We talk about time like it’s money, and that may explain why we say “Daylight Savings Time,” capitalizing the concept to emphasize its awesomeness. After all, who wouldn’t want to be able to save hours like cash?
The phrase “Daylight Savings Time,” though commonly used in Australia, Canada, and the US, is technically incorrect. Time and Date, a website devoted to all things chronological, posits that the plural “savings” became popular because it’s used in everyday contexts, like “savings account.”
The grammatically correct usage is “daylight saving time.” The expression is singular and not capitalized, according to the US Government Publishing Office style guide. The GPO provides the guidance, “d.s.t., daylight saving (no ‘s’) time.”
Whether or not to use a hyphen—as in “daylight-saving time”—is a style choice, says “Grammar Girl” Mignon Fogarty, author of Grammar Girl’s Quick and Dirty Tips for Better Writing. It’s not necessary. She writes, “I prefer the hyphen because I think of ‘daylight-saving’ as a compound modifier that modifies ‘time.'” But for those of us who never think about compound modifiers, going with no hyphen is fine.
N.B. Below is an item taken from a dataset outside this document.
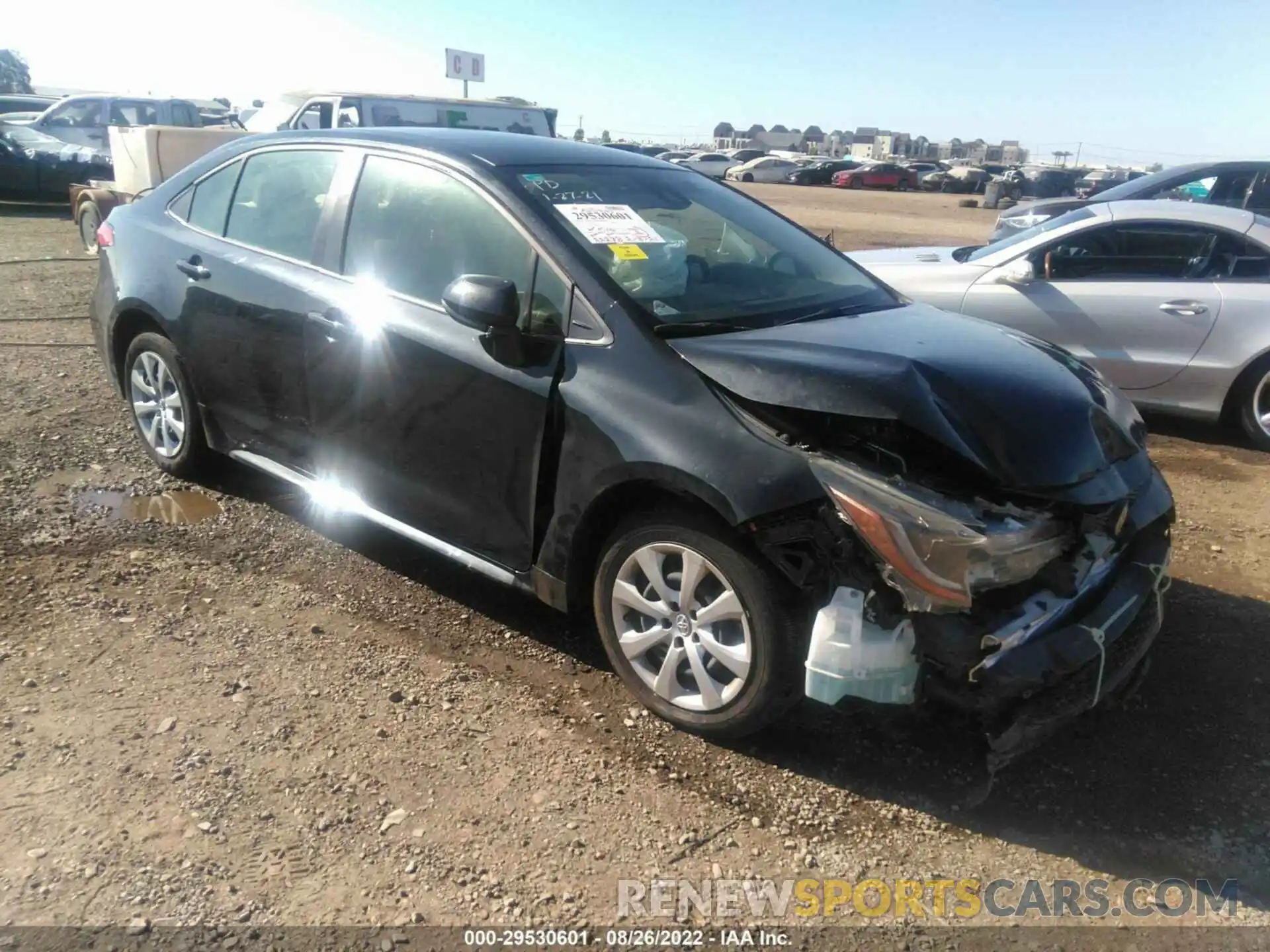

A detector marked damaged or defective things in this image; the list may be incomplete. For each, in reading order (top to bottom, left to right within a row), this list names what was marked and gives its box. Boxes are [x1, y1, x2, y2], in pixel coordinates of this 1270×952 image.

While some dictionaries say that it’s “acceptable” to make “saving” plural because the mistake is so common that it’s now a convention, Oxford Dictionaries mentions solely the singular. Fogarty offers this tip when you’re trying to recall the correct usage. “Remember the name by thinking that you are saving light—daylight, to be exact.”
You’re unlikely to conflate the concept with money or bank accounts that way, probably because no one says “light is money.”